= Operations (military staff) =

Military staff involved in planning operations

Military operations is a concept and application of military science that involves planning the operations for the projected maneuvering forces' provisions, services, training, and administrative functions—to allow them to commence, insert, then egress from combat. The operations staff plays a major role in the projection of military forces in any wide spectrum of conflict; terrestrial, aerial, or naval warfare needed to achieve operational objectives in a theater of war.

The general staff of military operations deals with the planning, process, collection, and analyzing of information. Its major function is responsible in the allocating of resources and determining time requirements.

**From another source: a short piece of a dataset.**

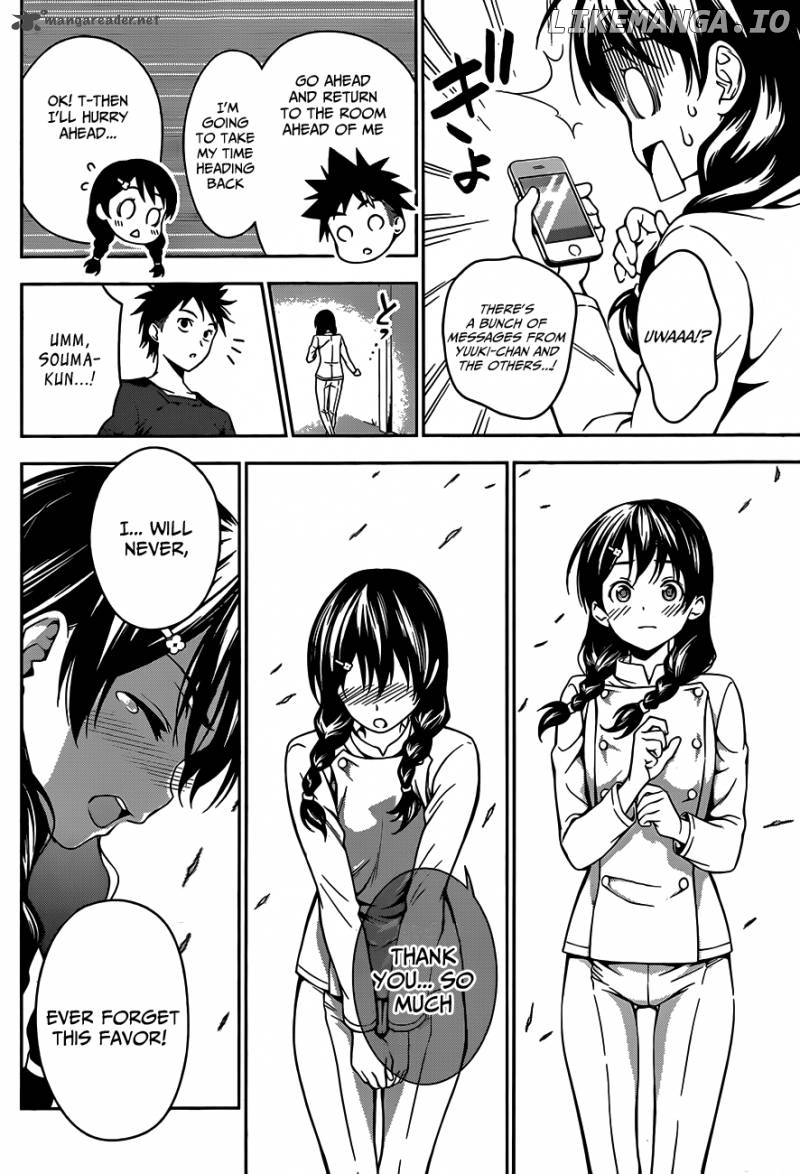 Read Shokugeki no Soma Manga Online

It is combined with other military staff sections to achieve its primary principles in employment of military forces and materiel to meet specific missions.

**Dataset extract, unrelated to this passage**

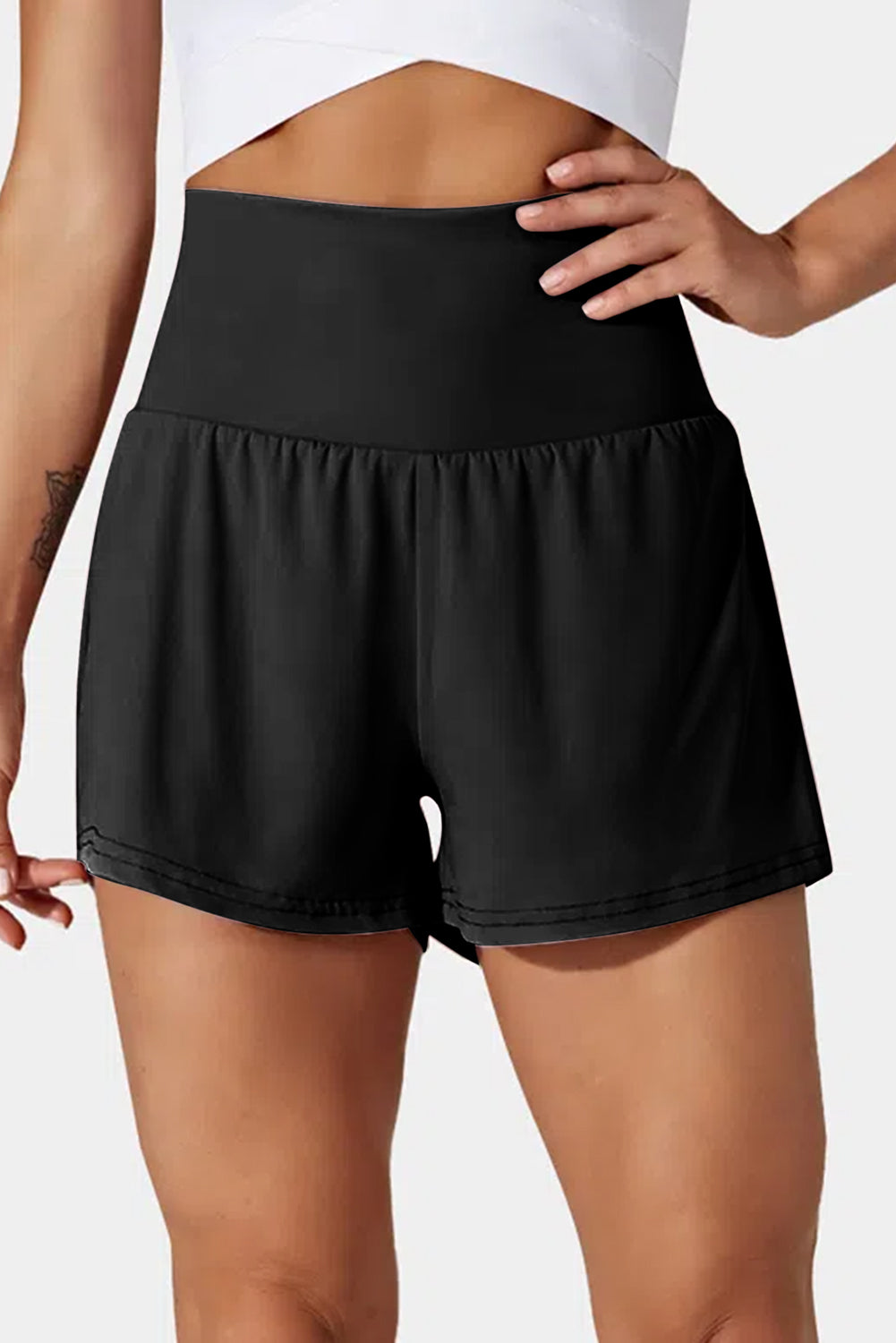 FlexStride All-Sport Shorts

The operations staff have distinct cyclic process features that are essential for military operations to progress:

- Conception through identification of specific goals or objectives
- Intelligence gathering and analysis to identify enemy capability to resist
- Planning of military force and its use
- Administration of mobilization, equipping, training and staging of forces
- Commencement of the operation, and achieving of initial tactical mission objectives
- Defeating the larger enemy forces in their operational depth
- Ending the operation whether the strategic goals have been achieved or not

==General staff==

===United States===
The general staff of operations designation is "3" to its corresponding section—e.g. J-3 (Joint (Multi-Service) Military Operations), G-3/S-3 (Army and Marine Corps staffs use both, depending on the organizational size and structure), N-3 (Navy), and A-3 (Air Force). From 1941 to 1945 the US Marine Corps used D-3 to designate the operations staff for its division level units.